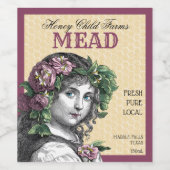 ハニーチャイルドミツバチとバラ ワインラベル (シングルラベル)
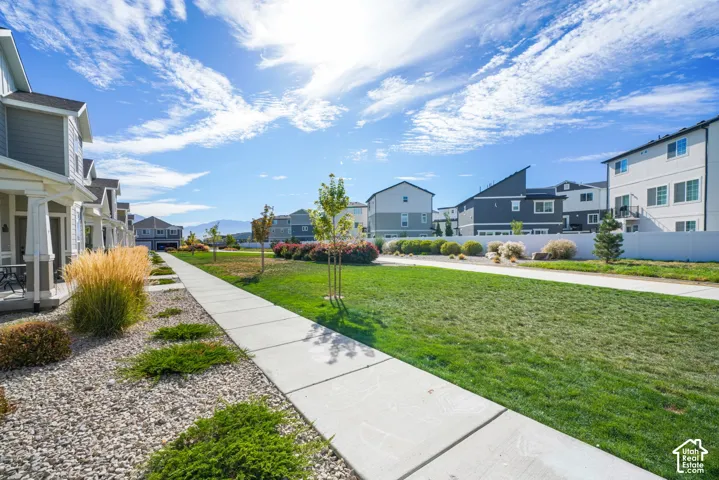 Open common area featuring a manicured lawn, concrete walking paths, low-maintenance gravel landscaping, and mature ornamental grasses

* * *

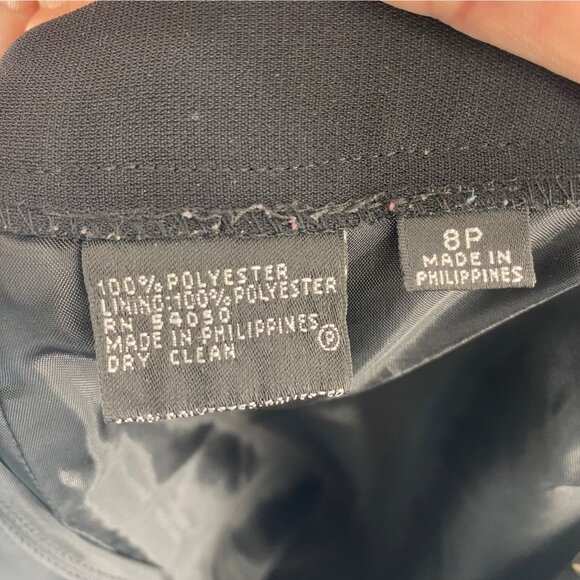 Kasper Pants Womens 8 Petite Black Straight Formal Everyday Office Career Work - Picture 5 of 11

What you will do:
What you return from the records above should be exactly everything from the line with "ハニーチャイルドミツバチとバラ ワインラベル (シングルラベル)" down to the line with "Open common area", both kept, and no pictures.

Task answer:
 ハニーチャイルドミツバチとバラ ワインラベル (シングルラベル)
 Open common area featuring a manicured lawn, concrete walking paths, low-maintenance gravel landscaping, and mature ornamental grasses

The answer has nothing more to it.